By the time he wrote op. 127, Beethoven was entirely deaf. This is such a difficult thing to imagine for anyone, and particularly any musician, whose hearing is in good working order…. I often wear ear-plugs at night, and today I tried keeping them on when I woke up, to see if I could experience some of what it might feel like to live in a soundless world. The first thing that struck me is the strangeness of doing something (pouring some tea into a mug, opening a computer, pulling a chair out from under the table) and not hearing the corresponding sound to go with it. It was as if I was in a vacuum and my actions had no consequences, everything happened outside of my own reality. The second thing was that because no sound interfered with my thoughts, those were much clearer than usually, and I could follow an idea or a thought process further. (In fact, I was writing part of this blog, and it took much less time than writing usually takes me!) I was amazed at how much more space there was in my brain, and quite enjoyed the feeling! But over time I also started to feel alienated, I was losing my sense of time, and generally losing touch with reality. (I almost forgot that I had a lot of practise to do, on op. 127 in fact, with a Wigmore concert coming up in a few days…) The third thing was something quite fascinating and a bit eerie about the juxtaposition of my “inner” world – which had become much more present and primary to me through the loss of hearing – with the objects of every day life (kettle, pencil, table, etc..) It was almost like living two separate parallel lives, the material one and the inner one, with only a loose thread to link them. If I closed my eyes and stood still, there was only my imagination and feelings left, and this could take me just about anywhere…

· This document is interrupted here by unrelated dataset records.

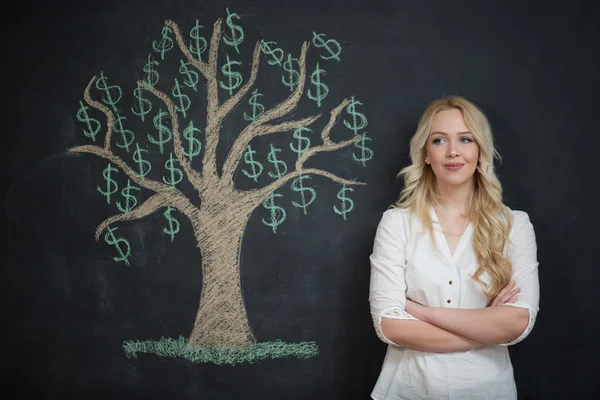 Happy blonde Business woman in front of chalk money tree drawing — Stock Photo, Image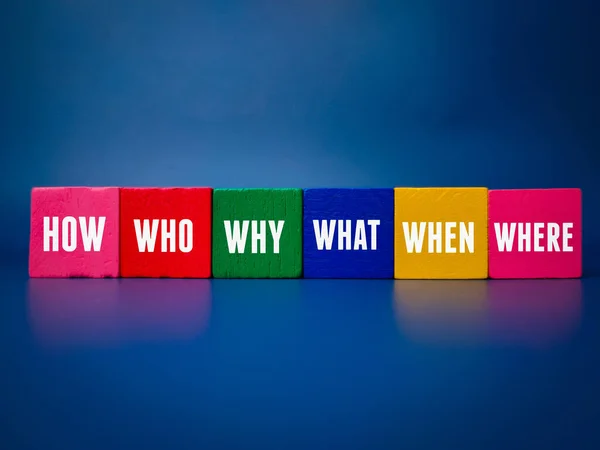 Colored cube with the word WHERE,WHO,WHAT,WHEN,WHY and HOW on blue background.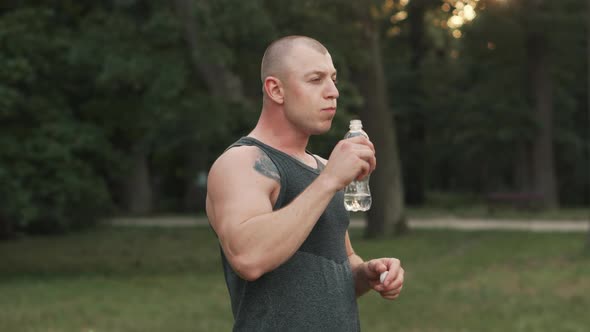 Sports Couple Drinking Water After Workout in Park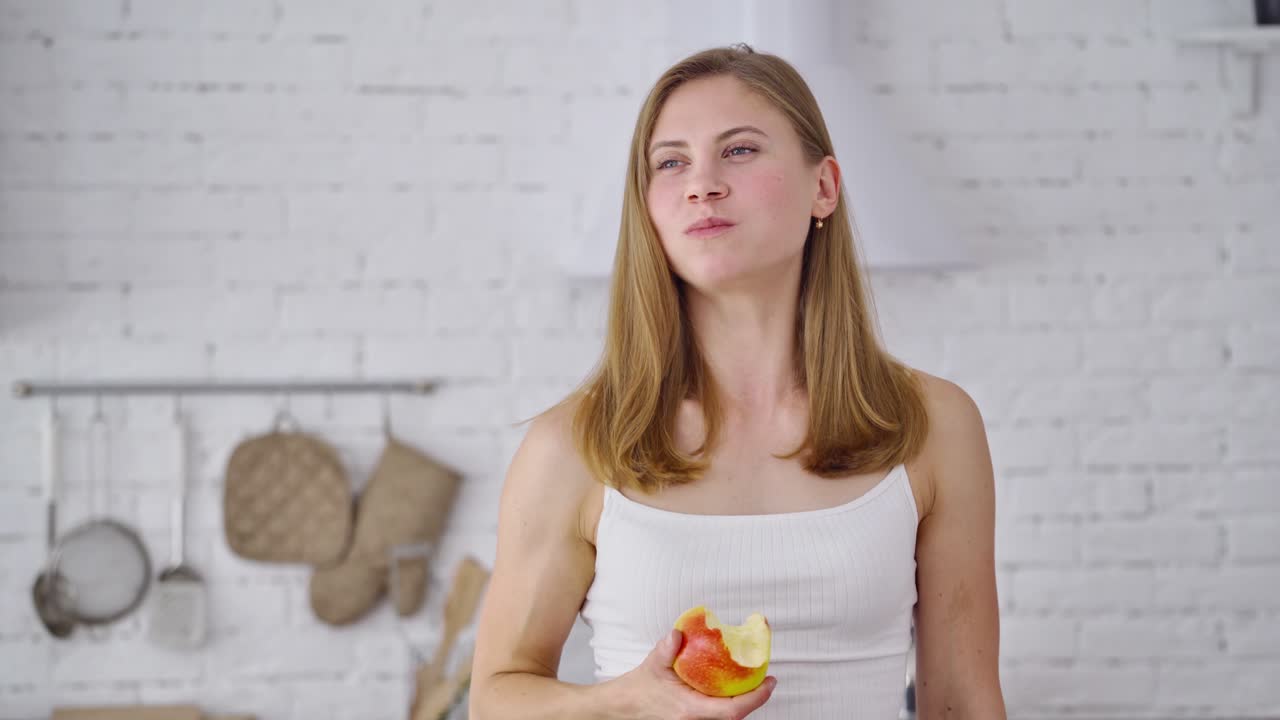 Fit smiling young woman eating healthy fruit. Beautiful girl enjoys eating fresh sweet apple on the modern kitchen background. Concept of losing weight.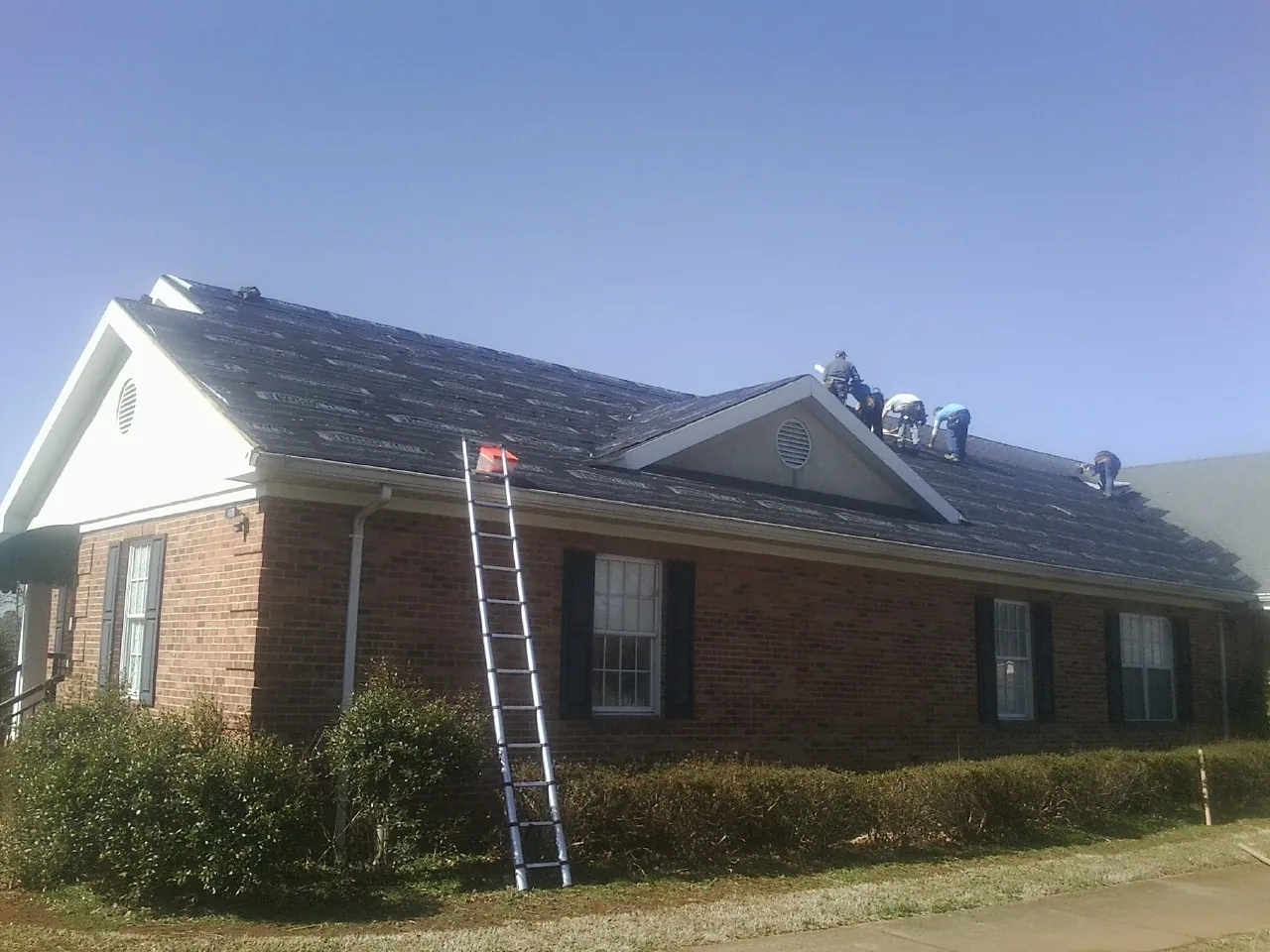 Crew tearing shingles off a brick ranch roof with a ladder set — Metal Roof Repair work by our crew in Decherd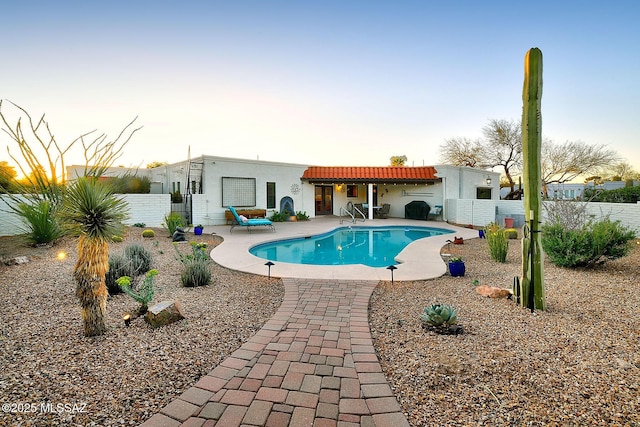 view of pool featuring a fenced backyard, a patio, and a fenced in pool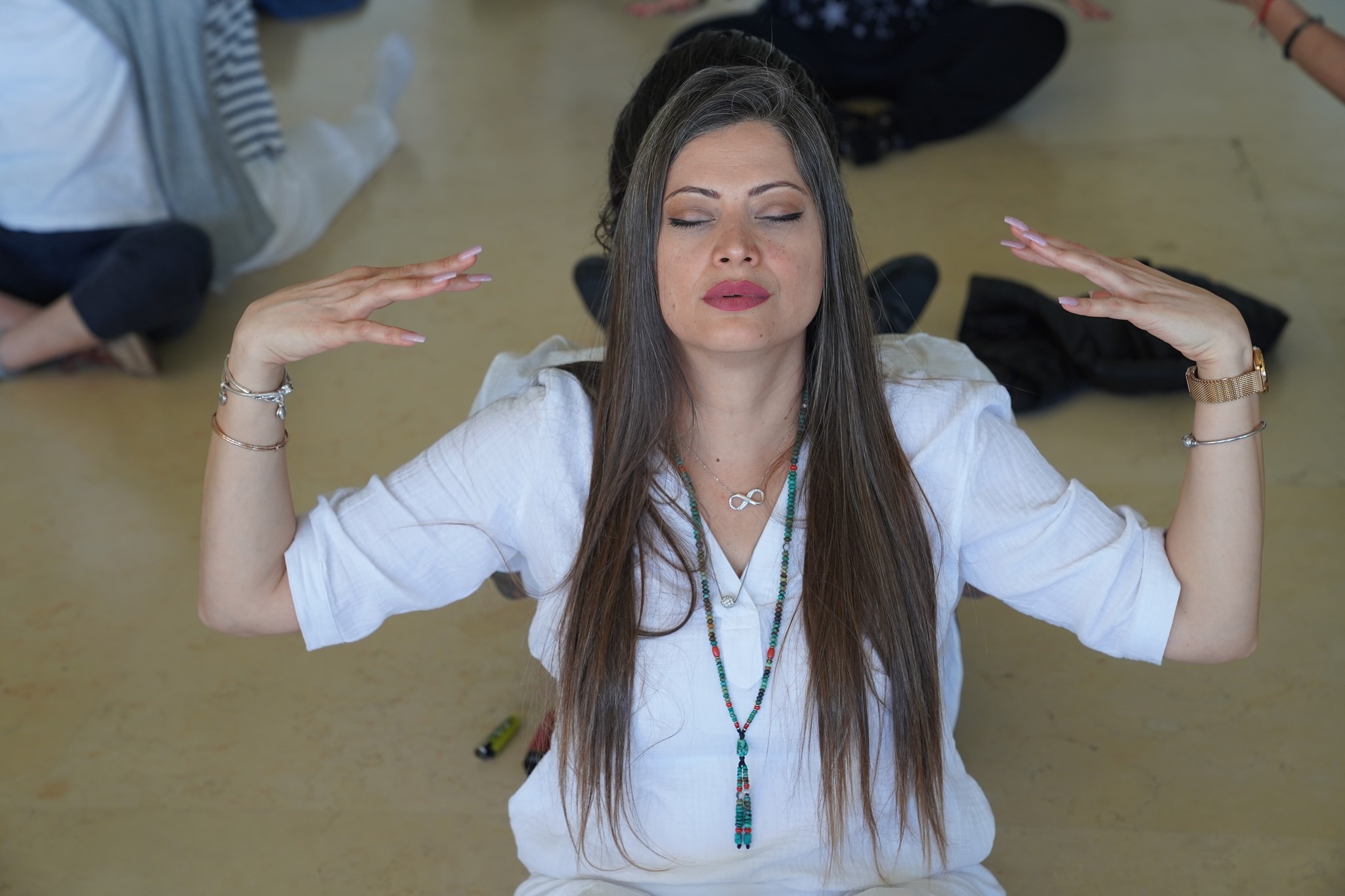 "Participants engaging in morning meditation at Tao Rehab Thailand in a peaceful outdoor setting."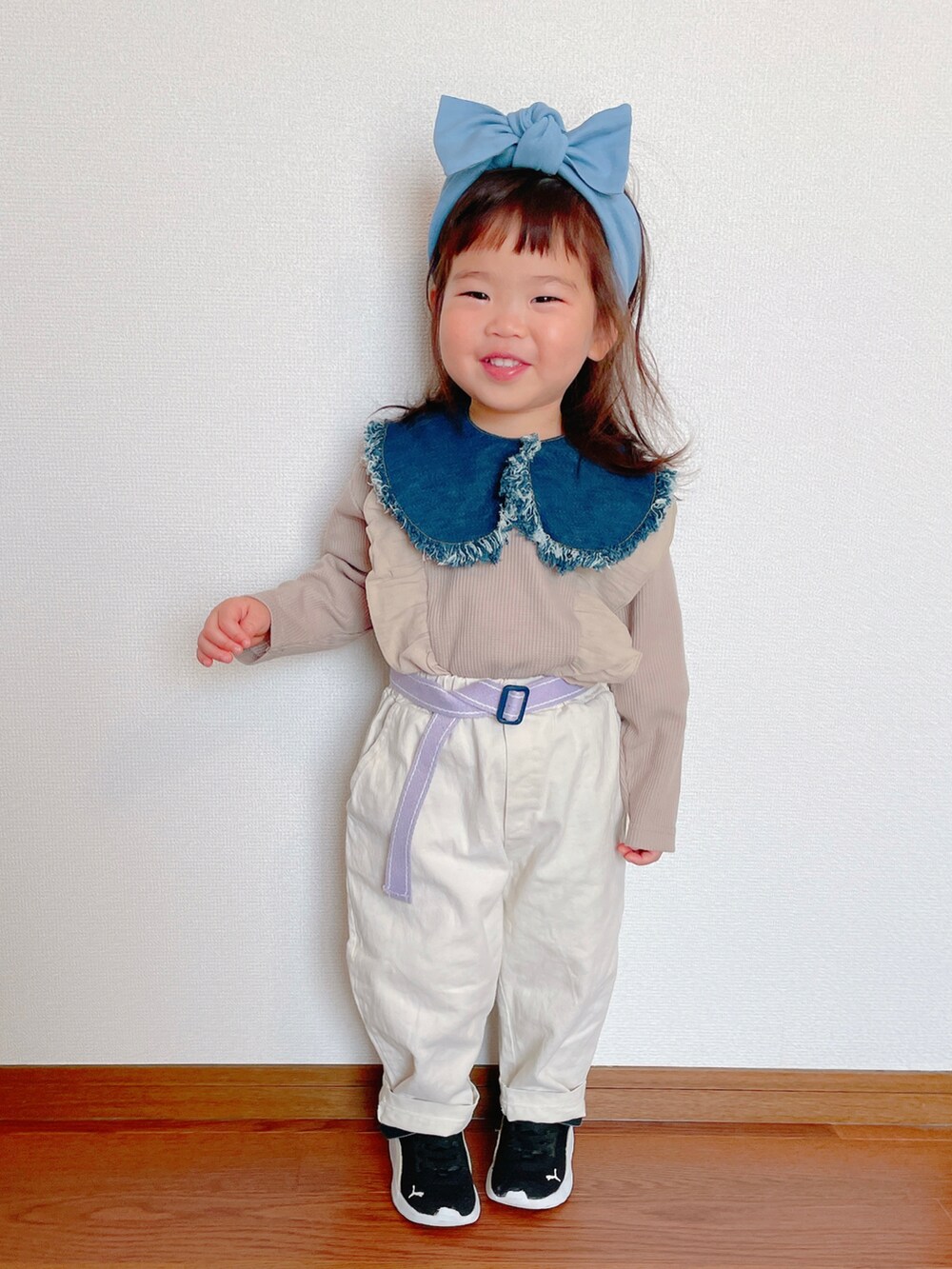 ホワイト系のパンツ、ブラック系のスニーカー、ベージュ系のTシャツ/カットソーを着用したキッズの春コーディネートの2枚目の写真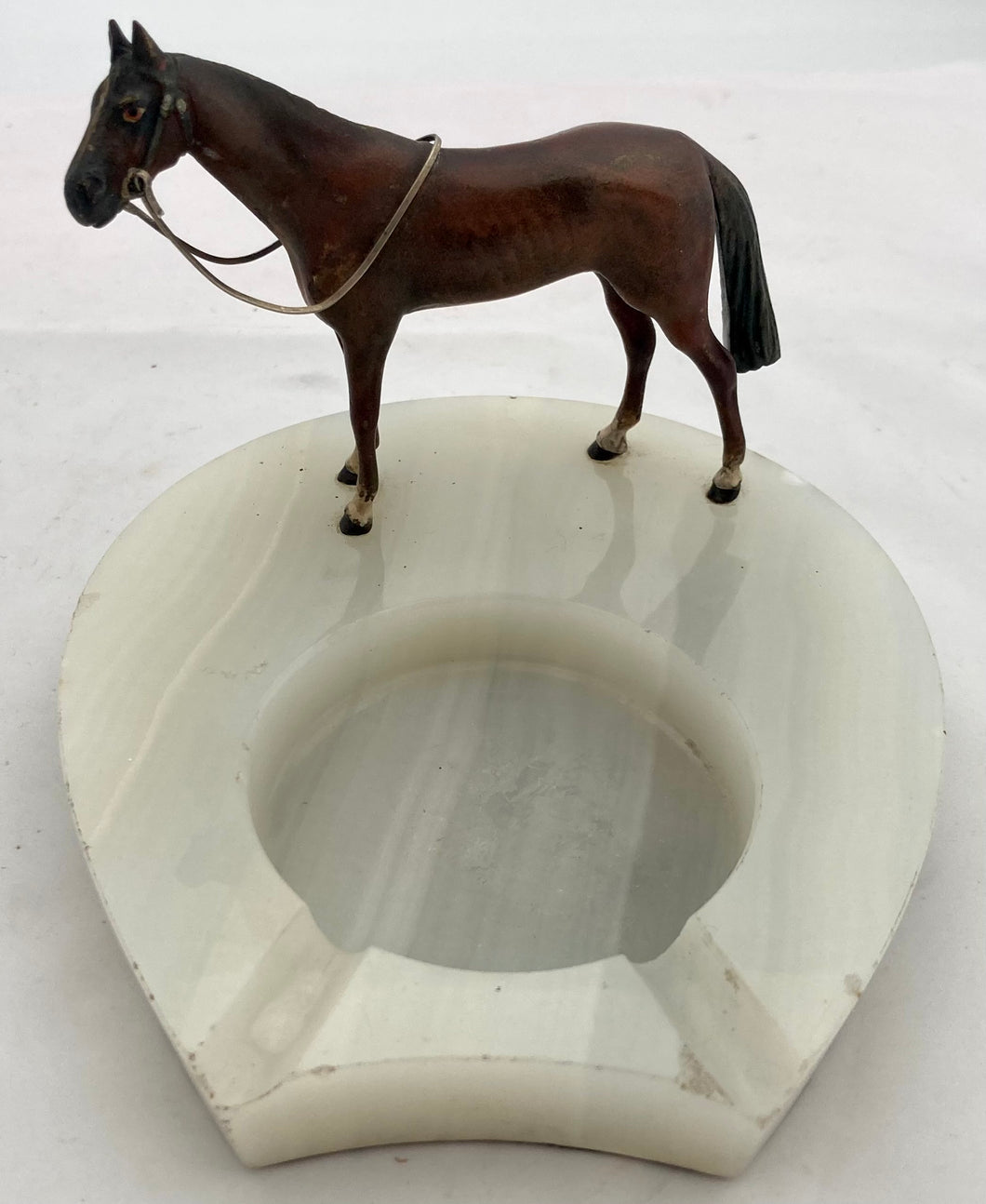 Asprey Cold Painted Bronze Horse Mounted on an Onyx Base.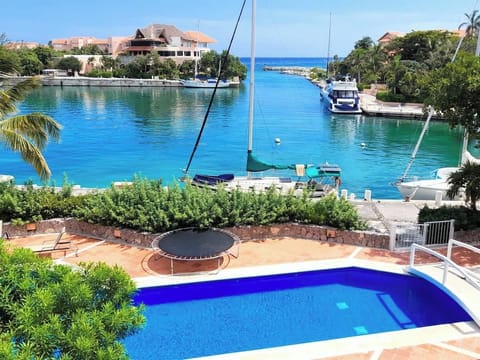 “Relájate con esta espectacular vista a la marina de Puerto Aventuras desde la piscina del condominio. Amaneceres de postal y aguas turquesa a tus pies.”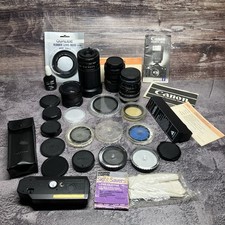 Lot Of Different Types Of Camera Lenses And Accessories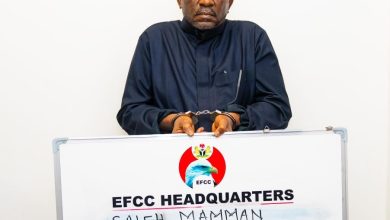 Handcuffed man in dark traditional clothing stands behind an EFCC Headquarters signboard showing charges, including fraud and money laundering.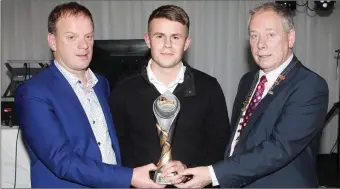  ??  ?? Brendan Lacken and Cathaoirle­ach of Sligo County Council, Cllr. Seamus Kilgannon presenting Regan Donelon with the Young Player of the Year Award at the Sligo Rovers Gala Awards.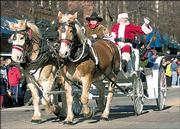 SANTA CLAUS greets spectators from a horse-drawn carriage during the 2004 Lawrence Old-Fashioned Christmas Parade. CornerBank assumed leadership of the parade last year and also will coordinate the 2005 event, which will be Dec. 3.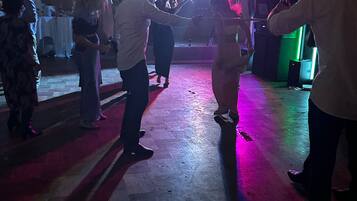 Et dansegulv med dansende mennesker, lyskæder hængt over hovederne og et sceneområde med et bord og stole.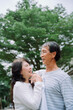 © THESHOTS.CO - Old couple embracing at park with happiness.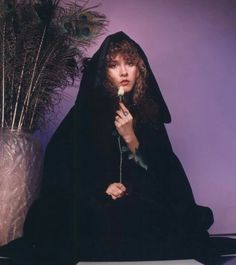 a woman in a black robe holding a flower next to a vase with feathers on it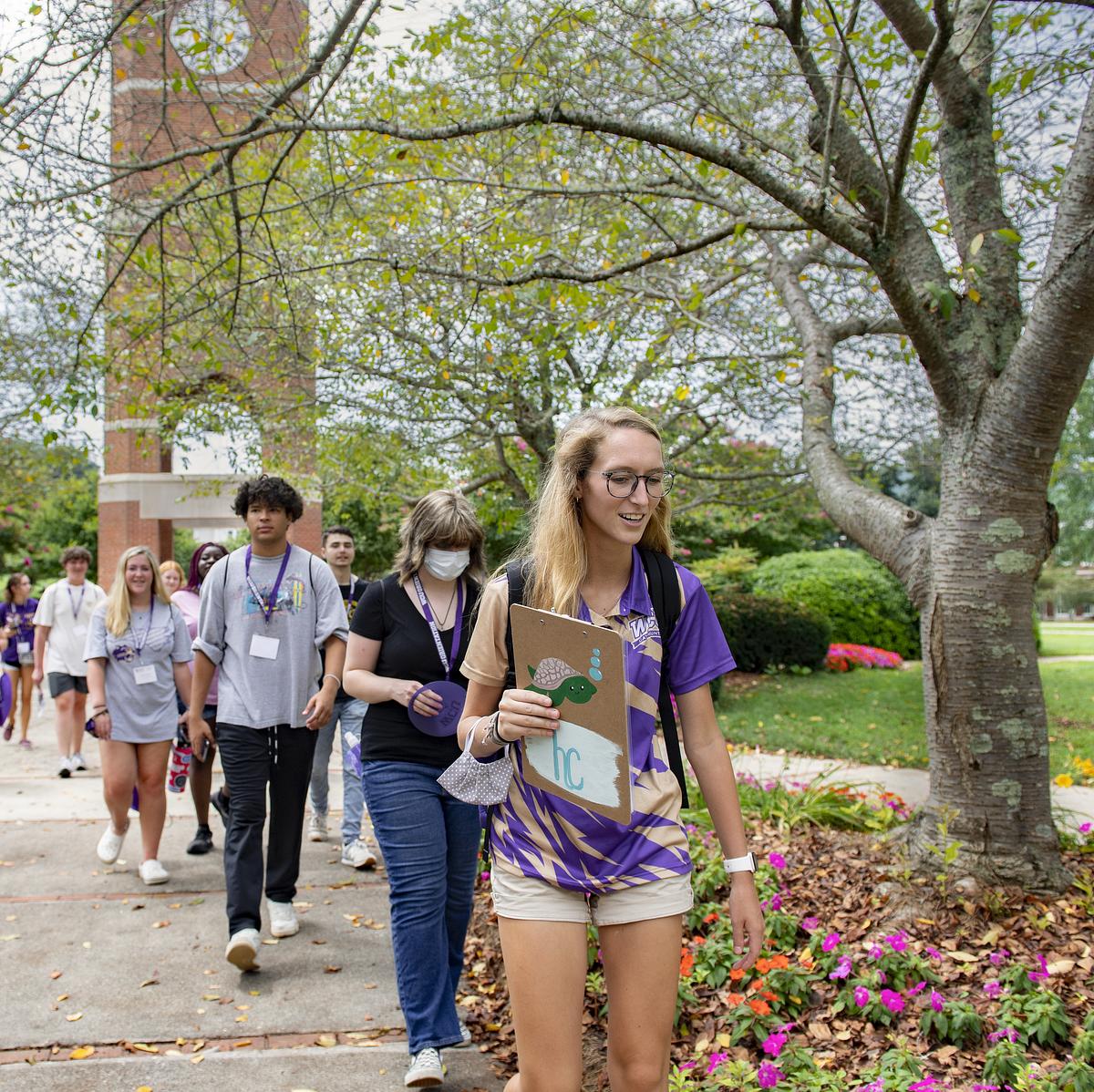 Group of college students walking on campus path under large trees holding clipboards and wearing lanyards.
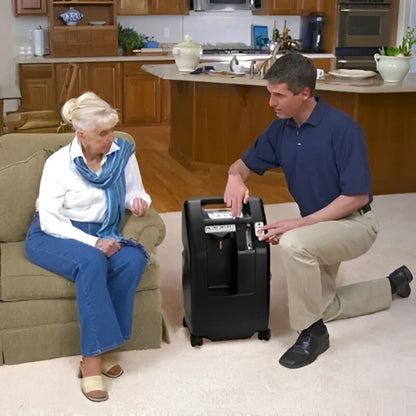 Man demonstrating Drive DeVilbiss 525 5L Oxygen Concentrator to elderly woman in living room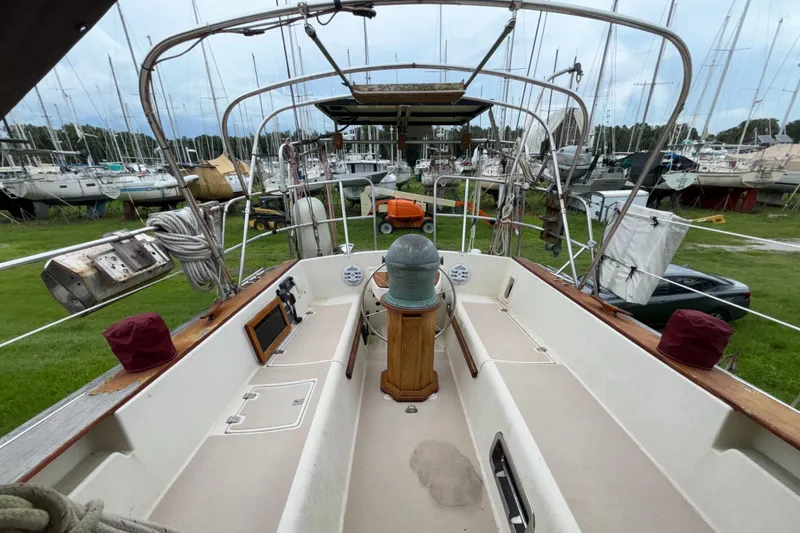 Slide: The Image of 1987 Island Packet 38 sailboat cockpit with navigation equipment, docked in a marina. - 30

It would be reductive and beside the point to venture any conclusions from this silly experiment, but it was so interesting. Somehow, the juxtaposition in op. 127 of the pillar-like maestoso introduction immediately followed by one of the most tender themes has that little bit more relevance to me now. The astonishing variation slow movement takes on an extra dimension when coloured by the kind of alienation from the world which I felt a glimpse of. And then, having finally got rid of the ear-plugs, I have rarely enjoyed practising so much!